Rav Shaoul David Botschko – Parachat Kora’h – Querelle
La mitzva de la semaine : Parachat Kora‘h
Querelle
La paracha relate la révolte de Kora‘h contre l’autorité de Moïse et kéhouna – on traduit « la prêtrise » – d’Aharon. Le jugement de Dieu condamne Kora‘h et sa clique à être engloutis par la terre mais le peuple continue à contester la haute fonction dévolue à Aharon et à ses fils et Dieu ordonne de perpétuer le souvenir de ce qui s’est passé afin de mettre fin à toute contestation future (Nombres xvii, 4–5) :
« Eleazar le cohen prit les encensoirs d’airain approchés par ceux que le feu divin avait consumés et il en fit un plaquage pour l’autel, mémorial pour les Enfants d’Israël afin qu’aucun homme étranger à la descendance d’Aharon ne s’approche pour faire fumer de l’encens devant Hachem et il ne sera pas comme Kora‘h et sa clique, ainsi qu’Hachem lui a parlé par l’entremise de Moïse. »
La fin du verset nous enseigne qu’il est interdit de faire comme Kora‘h et de porter atteinte à ceux que Dieu a désignés pour diriger le peuple d’Israël.
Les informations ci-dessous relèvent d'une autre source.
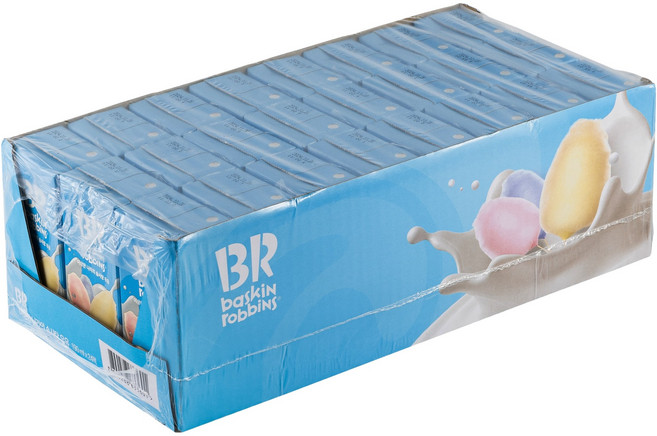 배스킨라빈스 이상한 나라의 솜사탕 우유, 190ml, 24개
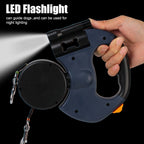 3m Retractable Dog Leash with LED & Bag Holder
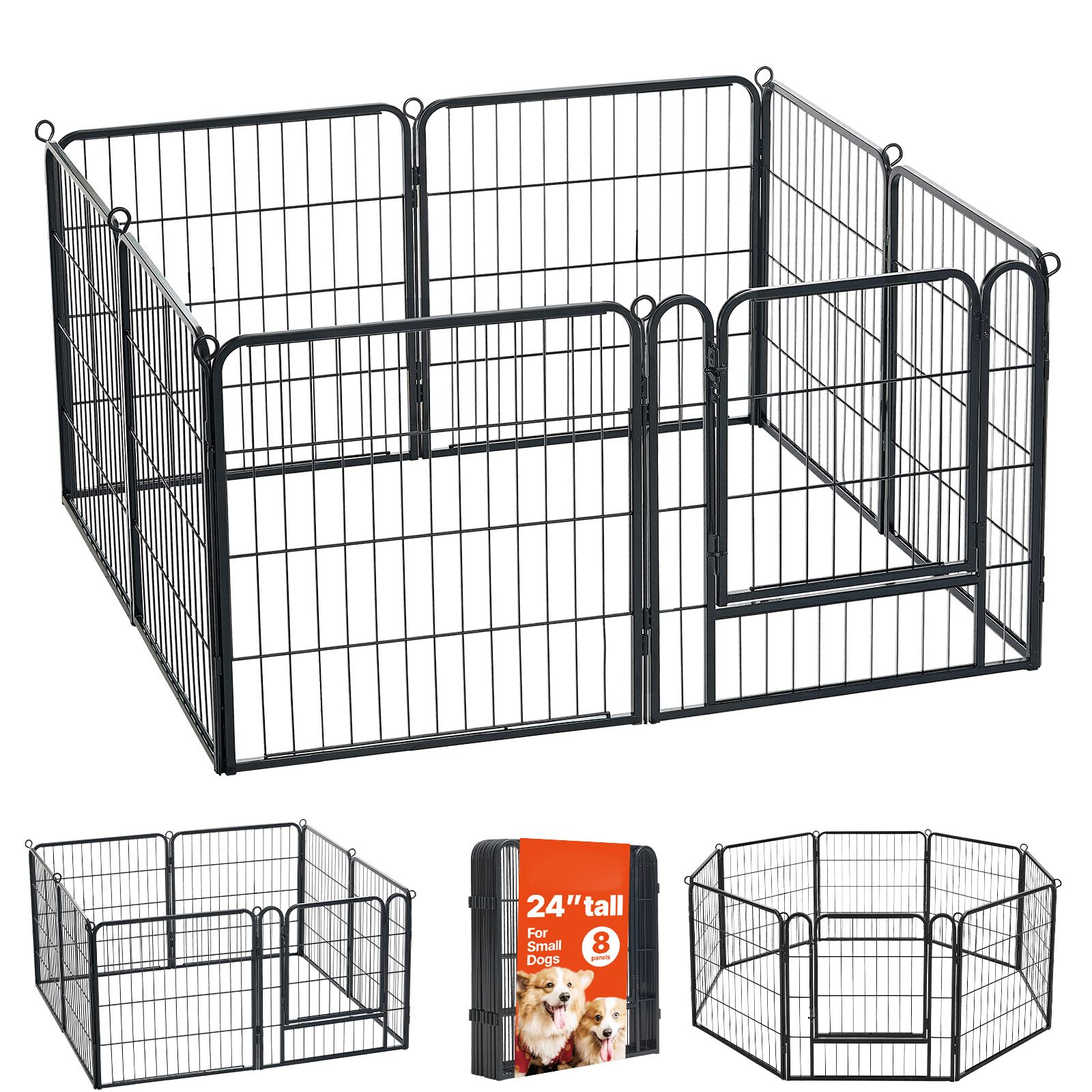Dog Playpen 24 Inch 8 Panels F - Camping Outdoor Or Indoor review and price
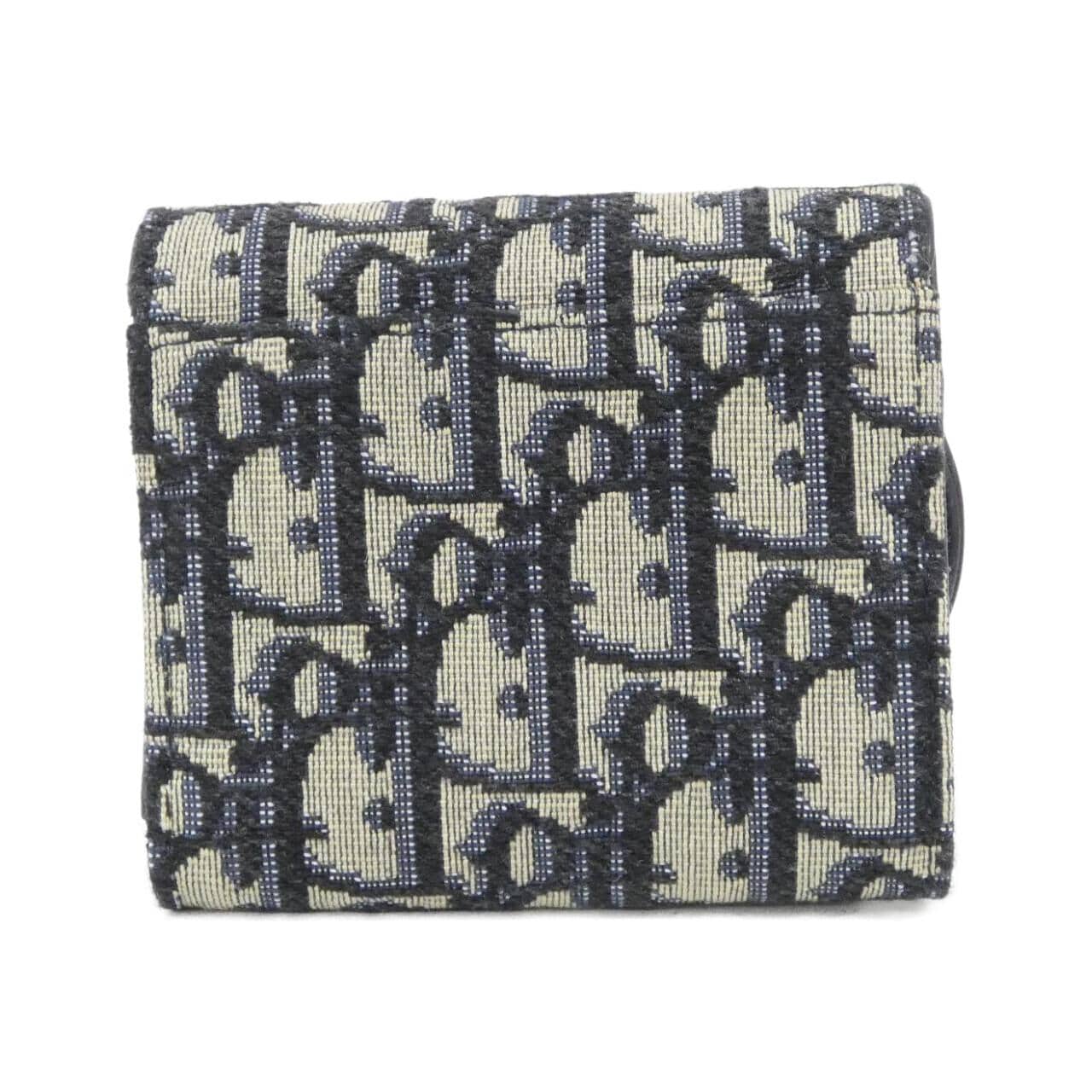 Christian DIOR DIOR OBLIQUE SADDLE LOTUS WALLET S5652CTZQ WALLET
Les Sages du Talmud ont étendu cette loi à toutes les querelles intéressées (Sanhédrin 110a) :
« Car Rav a enseigné – quiconque fomente et perpétue une querelle transgresse un interdit, puisqu’il est dit : “et il ne sera pas comme Kora‘h et sa clique.” »
Et c’est ainsi que rabbi Isaac de Corbeil le rapporte dans son court-traité des mitzvoth (Séfer Mitzvoth Qatane, mitzva 132) :
« Ne pas contester la kéhouna puisqu’il est écrit (Nombres xvii, 5) “et il ne sera pas comme Kora‘h etc., et cela implique aussi que le tenant de la querelle qui conteste la kéhouna ne soit frappé de lèpre comme le roi Ouzia. »
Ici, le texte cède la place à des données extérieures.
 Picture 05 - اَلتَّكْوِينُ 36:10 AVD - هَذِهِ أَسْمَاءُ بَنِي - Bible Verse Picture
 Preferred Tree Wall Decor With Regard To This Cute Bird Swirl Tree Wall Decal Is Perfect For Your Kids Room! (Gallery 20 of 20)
Cependant, selon Maïmonide, le verset ne contient pas d’interdiction mais seulement une déclaration affirmant que les contrevenants ne seront plus châtiés durement comme Kora‘h l’a été (Séfer ha-Mitzvoth, 8ème Principe) :
« Et ils ont dit qu’il ne sera pas comme Kora‘h et sa clique, ce qui est une négation, et les Sages ont expliqué qu’il s’agit d’une négation, à savoir que Lui – qu’Il soit exalté – nous a fait savoir que celui qui contesterait la kéhouna et s’y opposerait ne subirait pas ce qui est arrivé à Kora‘h et à sa clique qui ont été engloutis pas la terre ou consumés par le feu d’En Haut, mais que son châtiment serait tel qu’Hachem l’a annoncé par l’entremise de Moïse, c’est-à-dire la lèpre. »
Il semble que Maïmonide n’ait pas voulu tirer de ce verset que la querelle serait interdite d’une manière absolue comme l’interdit de l’assassinat ou du brigandage qui ont une valeur universelle (bien qu’ils y aient des exceptions).
La controverse peut être féconde lorsqu’elle ne dégénère pas en querelle violente. Parfois, il est nécessaire de s’élever contre les fauteurs d’iniquité et il n’y a pas lieu d’accuser les protestataires de provoquer des querelles.
C’est en fait une question délicate : quand est-on dans l’obligation de protester, appliquant ainsi le commandement de la tokha‘ha, la réprimande, et quand faut-il s’en abstenir pour ne pas multiplier les querelles ? Il n’existe pas de réponse univoque à cette question, car chaque situation constitue un cas particulier. Il faut une étude sérieuse et approfondie avant de se lancer dans une telle querelle, peser consciencieusement les valeurs de notre sainte Thora afin de ne pas tomber d’une part dans la faute d’indifférence rt de devenir complices du crime et de ne pas tomber d’autre part dans un interventionnisme exagéré et incendiaire.
Prions de ne pas être comme Kora‘h et sa clique.